Seitdem 2010 der frühere sexuelle Missbrauch am Berliner Canisius-Kolleg bekannt wurde, wird auch in Deutschland intensiv über den sexuellen Missbrauch an Minderjährigen durch Vertreter der katholischen Kirche diskutiert. Mit der 2018 veröffentlichten MHG-Studie begann die wissenschaftliche Aufarbeitung, an der seitdem Vertreter verschiedener Disziplinen beteiligt sind. Der Band trägt den bisherigen Forschungsstand aus den unterschiedlichen Fachgebieten (Geschichtswissenschaft, Pädagogik, Recht, Psychologie) zusammen. Deutlich wird, welche innerkirchlichen und gesellschaftlichen Bedingungsfaktoren das Fehlverhalten von Geistlichen ermöglichten. Darüber hinaus wird danach gefragt, welche Spezifika der sexuelle Missbrauch in der katholischen Kirche aufweist und inwieweit er in gesamtgesellschaftliche Phänomene eingeordnet werden muss. Zudem zeigt das Buch, inwiefern gerade historiographische Zugänge dazu beitragen können, Licht in die katholischen Dunkelräume zu bringen.
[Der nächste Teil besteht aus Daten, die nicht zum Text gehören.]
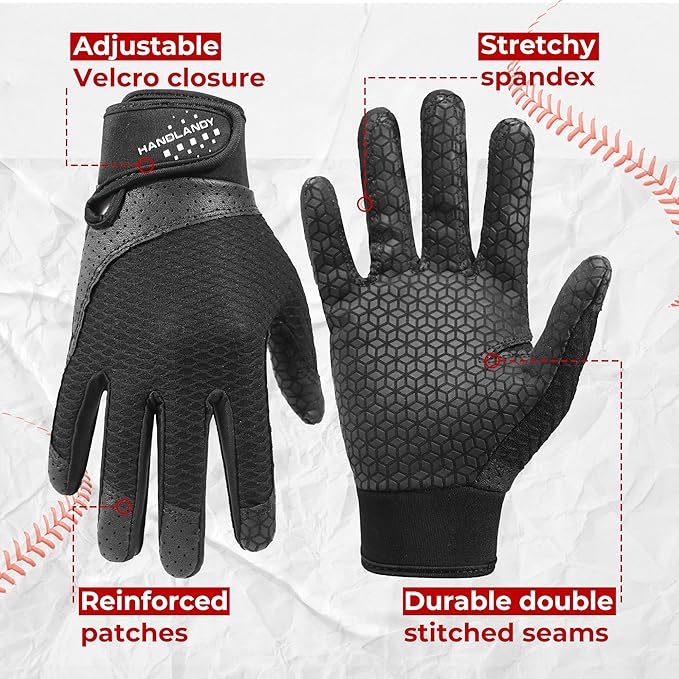 HANDLANDY Baseball Batting Gloves for Adult Youth, Grip Breathable Softball Batting Gloves Fit Men Kids Boys Girls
Perlentaucher-Notiz zur Süddeutsche Zeitung-Rezension
Sehr instruktiv findet Rezensentin Annette Zoch diesen Sammelband zu den Missbrauchsskandalen in der katholischen Kirche, in dem Historiker, Pädagogen, Psychiater, Soziologen und Juristen mit Beiträgen vertreten sind. In dieser Interdisziplinarität sieht Zoch die Stärke des Bandes, denn dadurch würde der Missbrauch nicht nur als Straftatbestand behandelt, sondern auch das Handeln und die Motive der Beteiligten, das Schweigen und die Vertuschungsversuche durch den Klerus, die Blind- und Taubheit der Öffentlichkeit. Notwendig, findet die Rezensentin.